### The data
######

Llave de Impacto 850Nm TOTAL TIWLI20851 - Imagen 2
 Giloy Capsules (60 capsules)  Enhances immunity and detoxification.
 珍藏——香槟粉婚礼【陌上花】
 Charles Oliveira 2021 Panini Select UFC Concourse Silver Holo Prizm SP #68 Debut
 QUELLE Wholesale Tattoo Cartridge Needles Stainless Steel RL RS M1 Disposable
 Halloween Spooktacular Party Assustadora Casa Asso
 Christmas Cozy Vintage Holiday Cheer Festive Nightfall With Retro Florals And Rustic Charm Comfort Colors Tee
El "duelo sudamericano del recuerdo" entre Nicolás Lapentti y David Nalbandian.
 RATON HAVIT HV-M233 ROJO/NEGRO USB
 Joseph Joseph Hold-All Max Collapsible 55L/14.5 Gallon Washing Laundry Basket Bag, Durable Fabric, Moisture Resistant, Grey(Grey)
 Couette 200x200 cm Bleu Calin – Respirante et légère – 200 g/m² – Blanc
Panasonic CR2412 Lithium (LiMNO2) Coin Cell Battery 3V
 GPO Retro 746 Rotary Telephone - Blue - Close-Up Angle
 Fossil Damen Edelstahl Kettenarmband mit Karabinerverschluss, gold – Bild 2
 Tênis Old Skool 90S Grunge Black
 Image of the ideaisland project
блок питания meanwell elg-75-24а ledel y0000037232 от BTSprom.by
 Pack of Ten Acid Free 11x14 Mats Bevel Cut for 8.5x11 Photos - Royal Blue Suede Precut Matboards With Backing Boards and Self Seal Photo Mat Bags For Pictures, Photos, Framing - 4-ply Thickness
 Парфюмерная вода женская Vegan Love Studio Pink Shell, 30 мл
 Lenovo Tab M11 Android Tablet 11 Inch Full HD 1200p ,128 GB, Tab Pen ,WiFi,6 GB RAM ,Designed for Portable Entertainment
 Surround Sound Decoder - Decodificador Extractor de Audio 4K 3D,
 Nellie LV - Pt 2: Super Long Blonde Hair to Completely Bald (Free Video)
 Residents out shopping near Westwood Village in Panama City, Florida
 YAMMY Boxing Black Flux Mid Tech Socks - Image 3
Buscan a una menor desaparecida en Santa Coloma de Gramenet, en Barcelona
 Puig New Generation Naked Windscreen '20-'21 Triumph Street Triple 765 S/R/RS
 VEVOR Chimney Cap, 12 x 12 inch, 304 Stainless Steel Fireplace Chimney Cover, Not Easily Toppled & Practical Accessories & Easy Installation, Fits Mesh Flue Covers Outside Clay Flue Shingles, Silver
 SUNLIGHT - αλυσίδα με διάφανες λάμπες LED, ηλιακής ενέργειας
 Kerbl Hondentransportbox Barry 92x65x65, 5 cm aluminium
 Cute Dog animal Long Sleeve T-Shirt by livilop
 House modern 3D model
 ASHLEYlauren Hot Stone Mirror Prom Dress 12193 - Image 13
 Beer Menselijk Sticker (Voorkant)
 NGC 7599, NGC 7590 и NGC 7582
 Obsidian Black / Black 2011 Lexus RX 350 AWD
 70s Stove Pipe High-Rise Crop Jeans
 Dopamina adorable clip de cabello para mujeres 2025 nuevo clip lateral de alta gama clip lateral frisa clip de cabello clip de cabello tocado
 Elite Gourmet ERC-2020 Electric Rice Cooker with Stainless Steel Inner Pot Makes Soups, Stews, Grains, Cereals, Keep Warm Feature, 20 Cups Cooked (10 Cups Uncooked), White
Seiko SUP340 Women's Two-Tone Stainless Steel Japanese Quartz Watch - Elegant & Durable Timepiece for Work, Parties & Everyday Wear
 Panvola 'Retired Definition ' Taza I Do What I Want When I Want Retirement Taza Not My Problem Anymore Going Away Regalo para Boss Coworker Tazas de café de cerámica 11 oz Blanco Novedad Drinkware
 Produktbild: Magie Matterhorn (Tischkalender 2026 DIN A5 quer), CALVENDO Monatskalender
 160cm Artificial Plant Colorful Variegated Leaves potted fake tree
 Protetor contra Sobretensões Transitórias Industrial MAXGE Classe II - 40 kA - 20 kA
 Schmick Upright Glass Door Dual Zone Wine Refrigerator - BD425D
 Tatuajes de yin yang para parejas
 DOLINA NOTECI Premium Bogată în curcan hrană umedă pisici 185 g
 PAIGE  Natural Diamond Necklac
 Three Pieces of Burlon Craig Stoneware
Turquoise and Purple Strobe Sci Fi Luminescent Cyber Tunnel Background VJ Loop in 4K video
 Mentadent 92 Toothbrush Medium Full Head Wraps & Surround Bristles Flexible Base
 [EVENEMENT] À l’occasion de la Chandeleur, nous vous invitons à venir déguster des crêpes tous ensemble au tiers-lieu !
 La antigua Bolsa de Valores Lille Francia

######

Scan the entries above and copy each line where "Surround" occurs.

 Surround Sound Decoder - Decodificador Extractor de Audio 4K 3D,
 Mentadent 92 Toothbrush Medium Full Head Wraps & Surround Bristles Flexible Base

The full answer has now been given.